Work to be completed
Once the line containing "Film protecteur de" appears, output it and each remaining line of the records below exactly, with no pictures and nothing more.

(Caption-style text data)
--- START ---
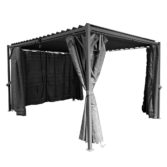 RURIS Pergola – Čelična pergola s podesivim krovom - Slika 7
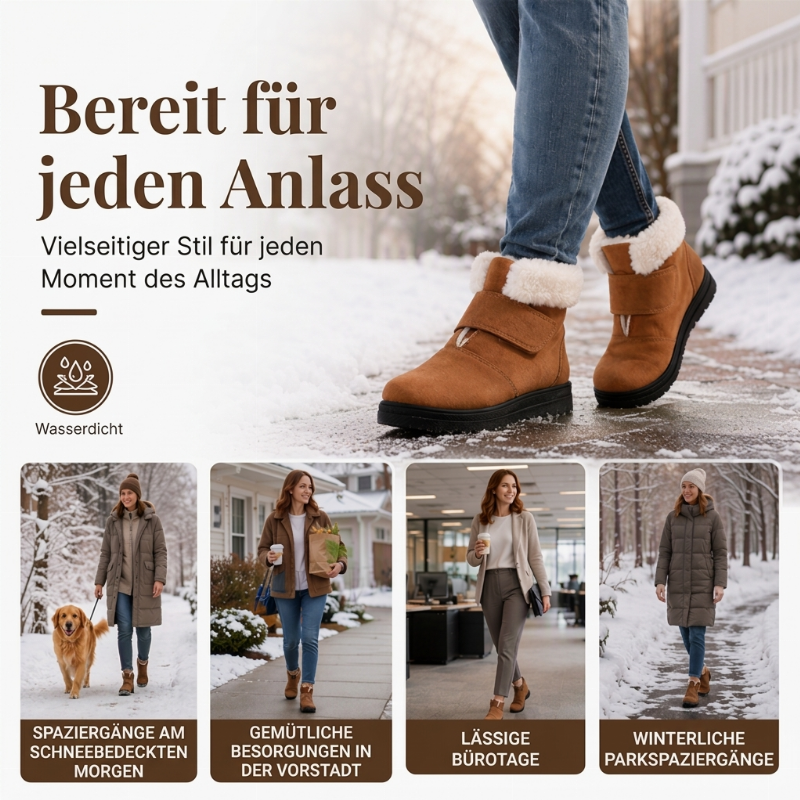 ❄️ Winter Sale: Bis zu 50% Rabatt ❄️ Rutschfeste, warme Winter-Schneestiefel für Damen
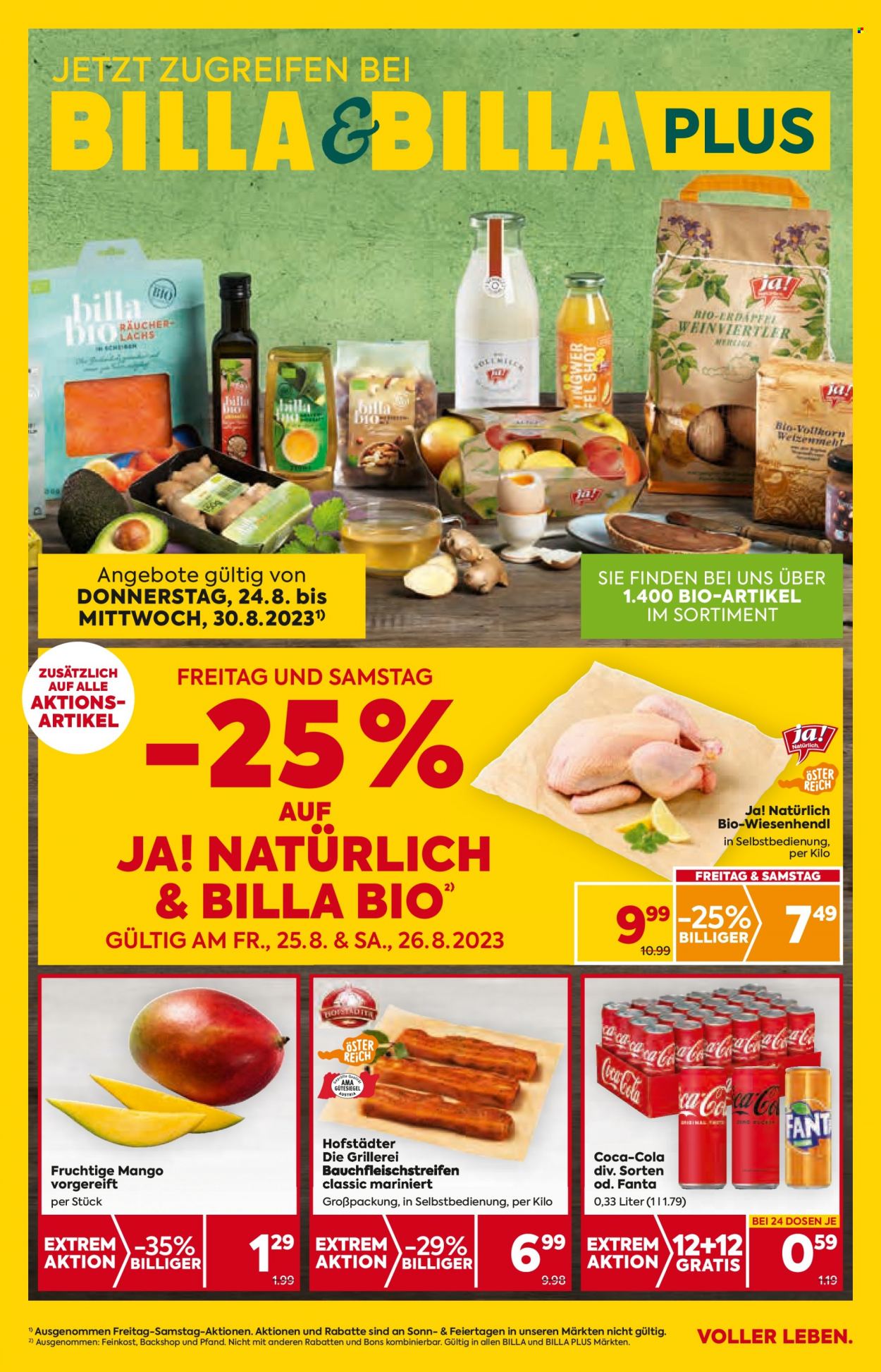 Angebote Billa - 24.8.2023 - 30.8.2023. Seite 1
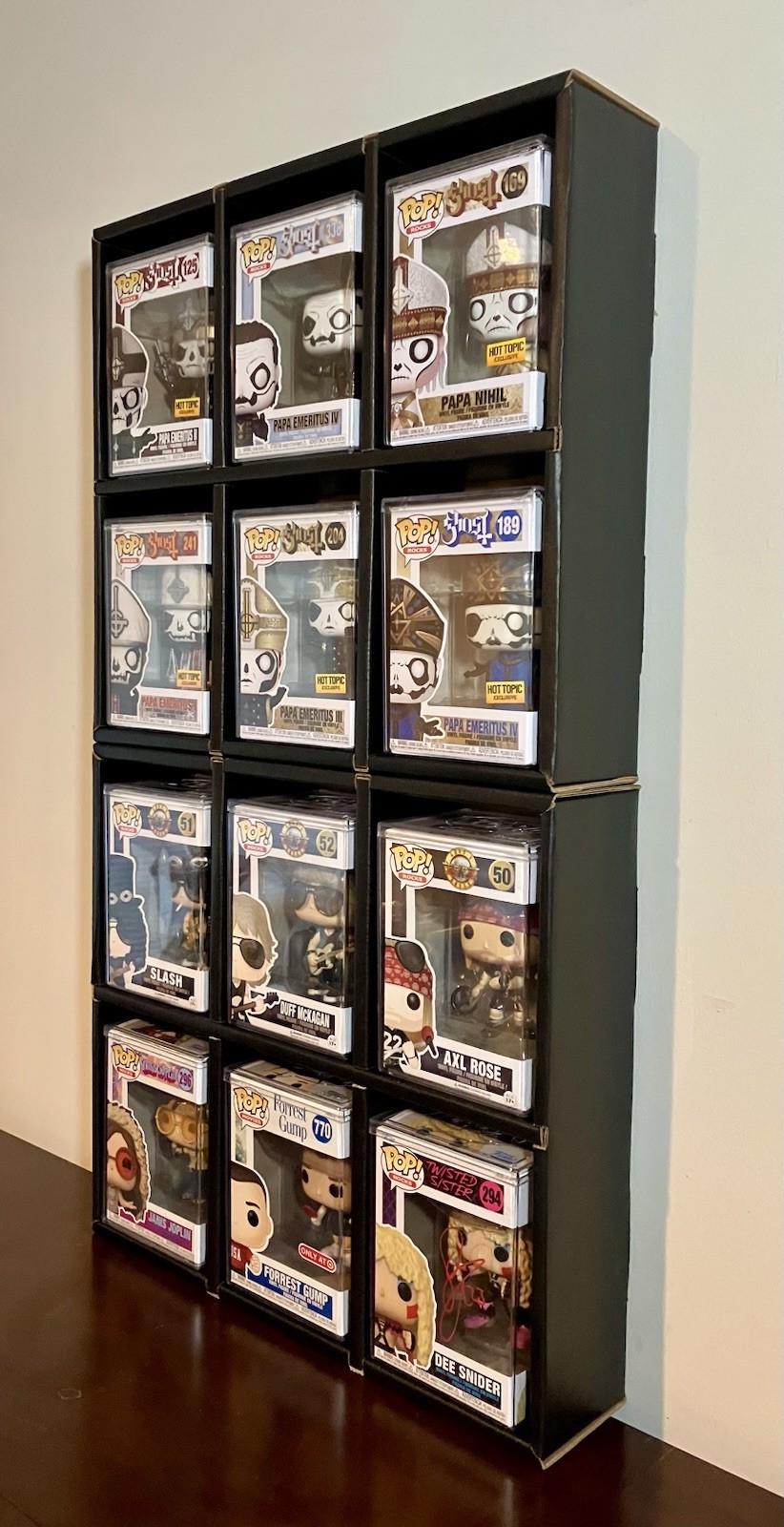 Funko Pop Display Kubbie TWO PACK...BLACK. FITS HARD STACKS, ARMOR & THRILLJOY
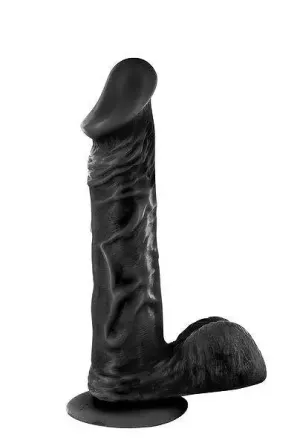 Фалоімітатор Real Body — Real Tony Black, TPE, діаметр 3,5 см Львів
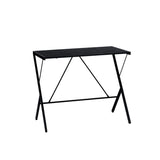 Computer Desk Laptop Writing Study Workstation X-Shaped Metal Frame
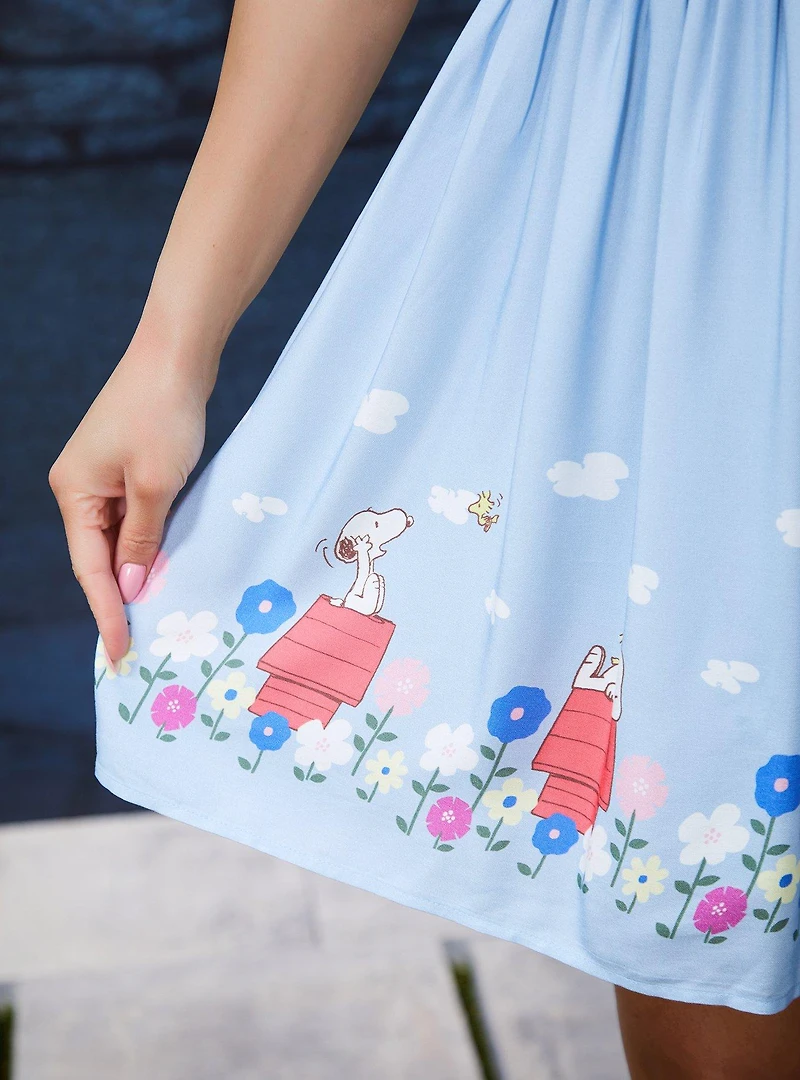 Peanuts Snoopy Floral Smock Dress - BoxLunch Exclusive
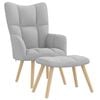 vidaXL Fotel relaksacyjny z podn&oacute;żkiem Cloud Grey Fabric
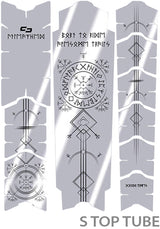 Film protecteur de cadre anti-rayures Unleazhed - runes of shred noir brillant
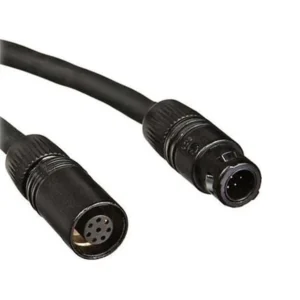 Remote Audio CABETATCEXT75 Breakaway Extension with Timecode (75 ft): The Neutricon female and male ends of the extension.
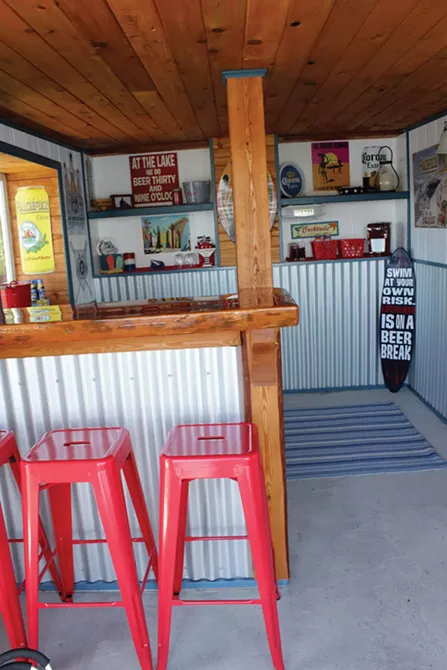 Image: Before & After: Diamond Lake Boat Shed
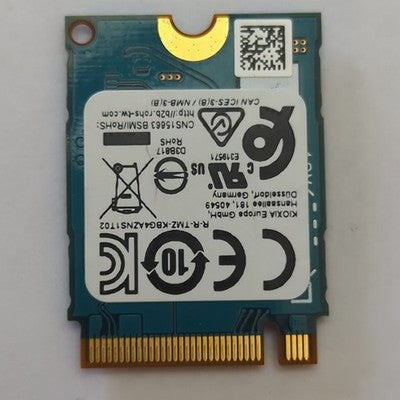 Kioxia 512GB NVMe M.2 SSD 2230 PCIe Internes Solid State Drive Festplatte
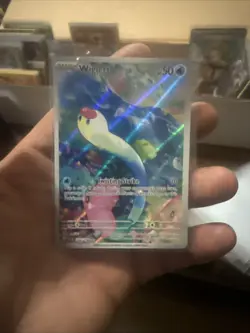 Pokemon TCG Wiglett 206/198 Scarlet & Violet Base Illustration Rare Card - Image 1
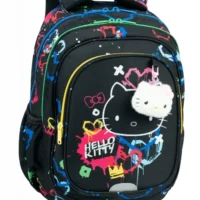 Školská taška Fast 40 cm Hello Kitty Neon Black – náhľad 1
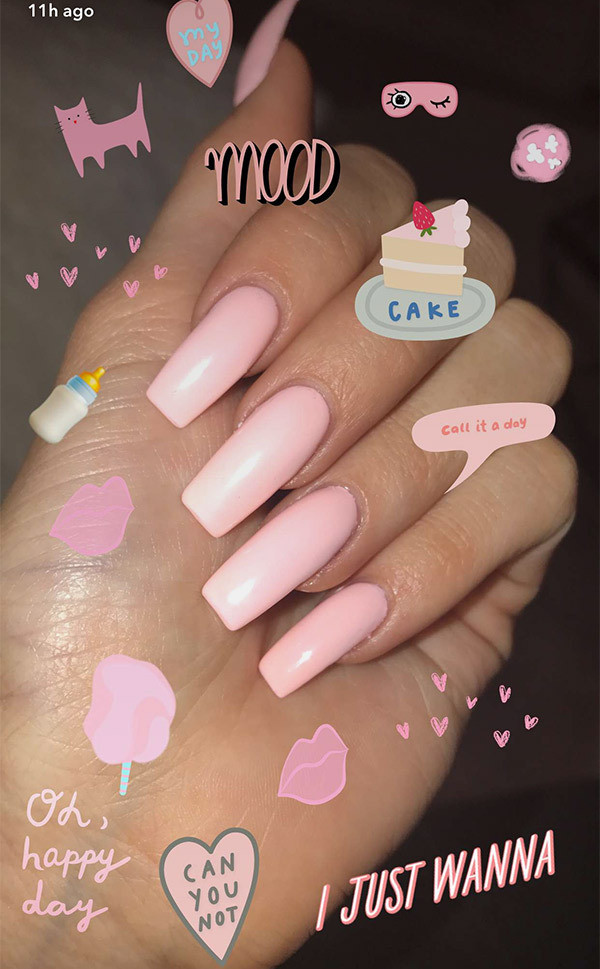 Kylie Jenner Nail Colors
 Kylie Jenner’s Pink Nails — Gorgeous Coffin Shaped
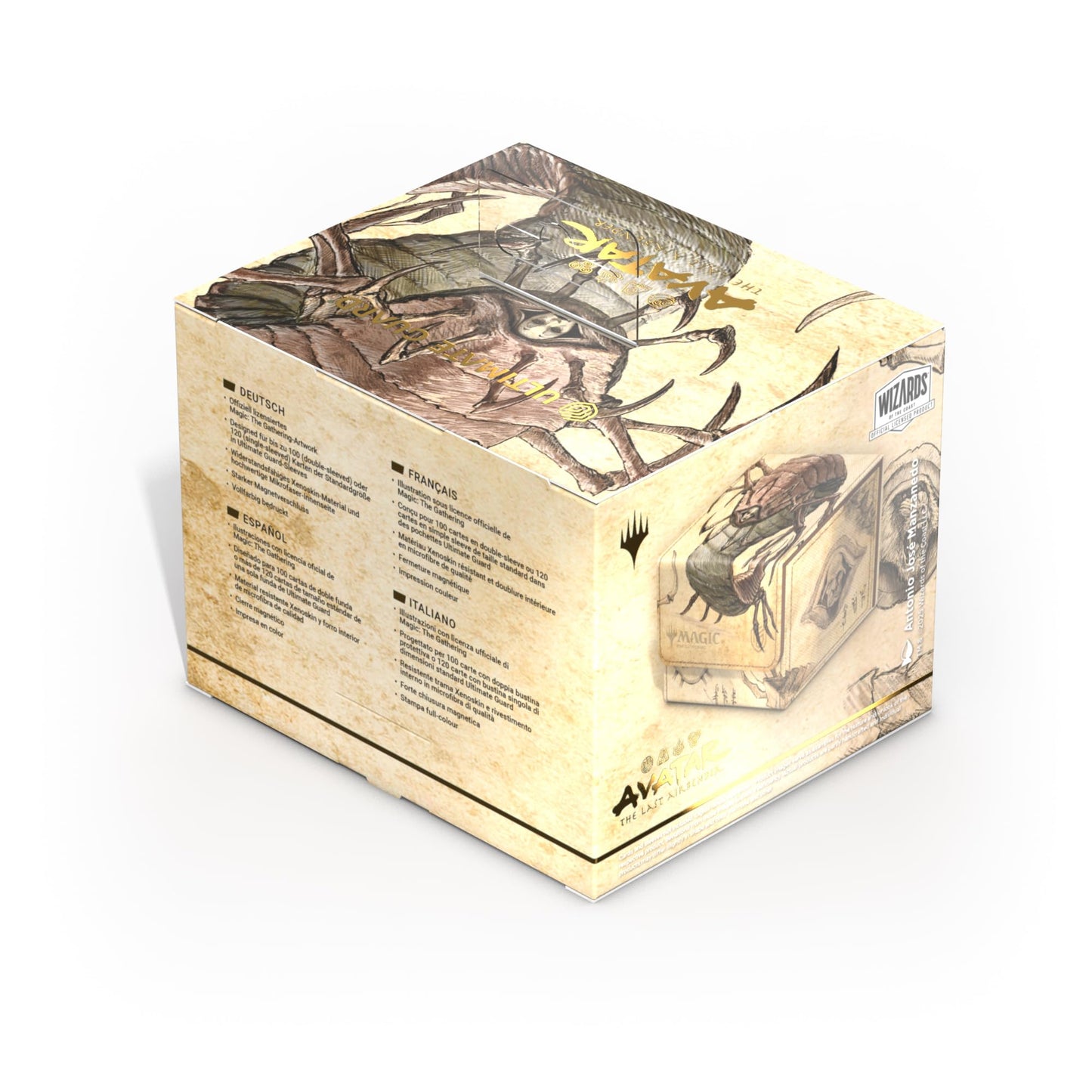 Ultimate Guard Sidewinder 100+ Xenoskin Case | MTG Universes Beyond – Avatar Koh, the Face Stealer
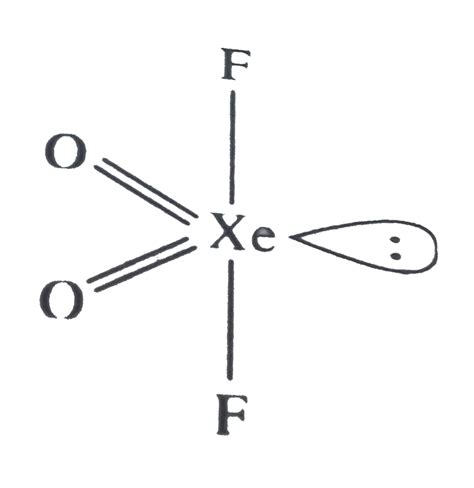 Xef2o2 Structure For the molecule XeF2: (i) Draw the structure of the ...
--- END ---
Solution to this task
 Film protecteur de cadre anti-rayures Unleazhed - runes of shred noir brillant
 Remote Audio CABETATCEXT75 Breakaway Extension with Timecode (75 ft): The Neutricon female and male ends of the extension.
 Image: Before & After: Diamond Lake Boat Shed
 Kioxia 512GB NVMe M.2 SSD 2230 PCIe Internes Solid State Drive Festplatte
 Pokemon TCG Wiglett 206/198 Scarlet & Violet Base Illustration Rare Card - Image 1
 Školská taška Fast 40 cm Hello Kitty Neon Black – náhľad 1
 Kylie Jenner Nail Colors
 Kylie Jenner’s Pink Nails — Gorgeous Coffin Shaped
 Ultimate Guard Sidewinder 100+ Xenoskin Case | MTG Universes Beyond – Avatar Koh, the Face Stealer
 Xef2o2 Structure For the molecule XeF2: (i) Draw the structure of the ...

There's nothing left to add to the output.